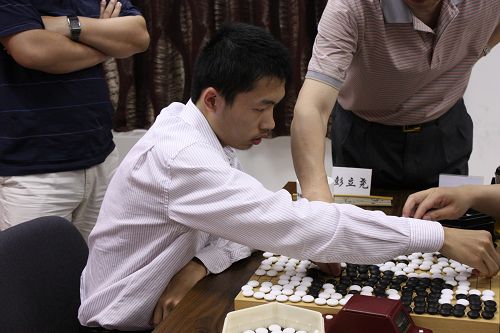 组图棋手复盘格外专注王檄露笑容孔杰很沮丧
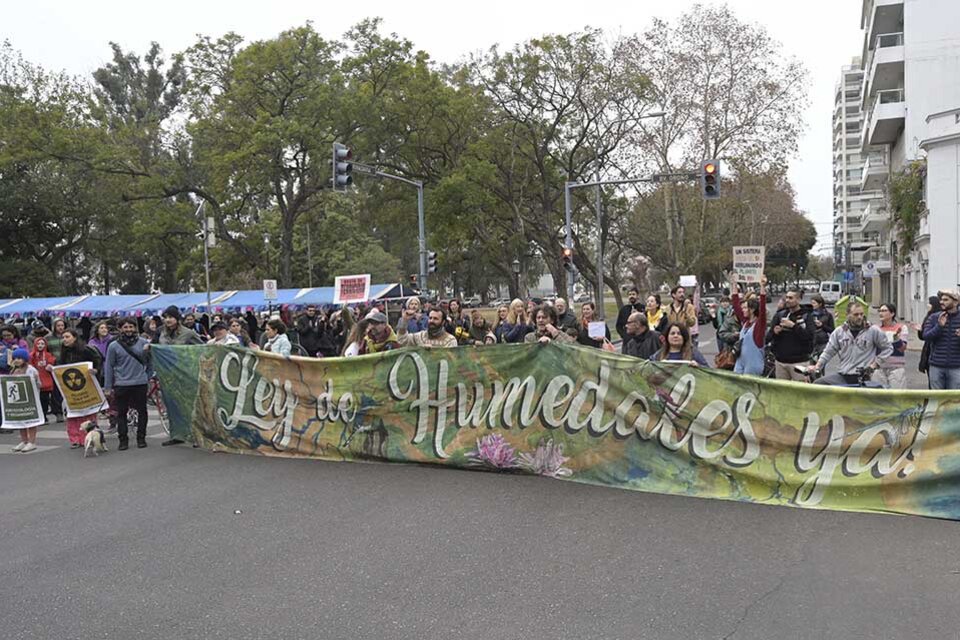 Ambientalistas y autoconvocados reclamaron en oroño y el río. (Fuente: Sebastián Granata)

----

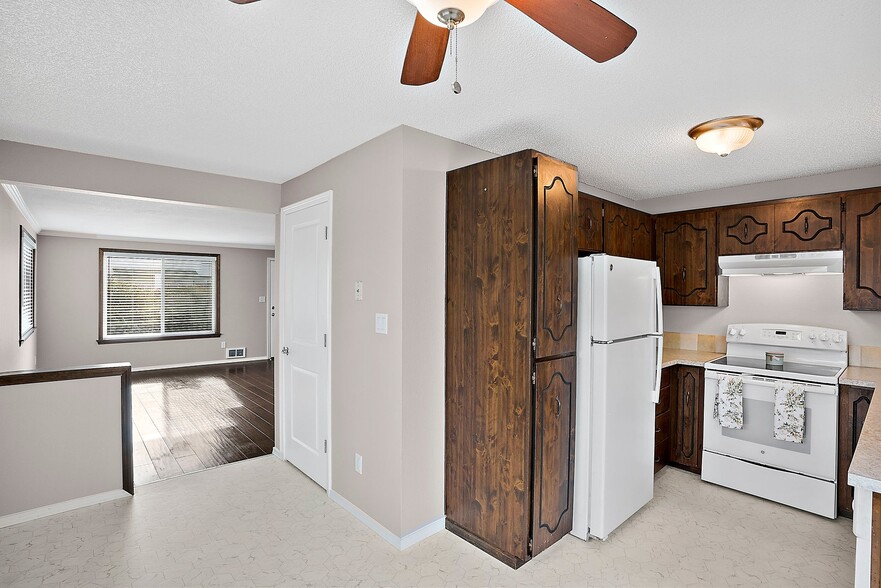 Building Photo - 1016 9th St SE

----

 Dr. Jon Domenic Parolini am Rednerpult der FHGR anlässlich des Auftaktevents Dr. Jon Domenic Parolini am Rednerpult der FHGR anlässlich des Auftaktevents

----

While skipping the pictures, transcribe the data above from the line showing "组图棋手复盘格外专注王檄露笑容孔杰很沮丧" through the line showing "Ambientalistas y autoconvocados", exactly and with both ends.

 组图棋手复盘格外专注王檄露笑容孔杰很沮丧
 Ambientalistas y autoconvocados reclamaron en oroño y el río. (Fuente: Sebastián Granata)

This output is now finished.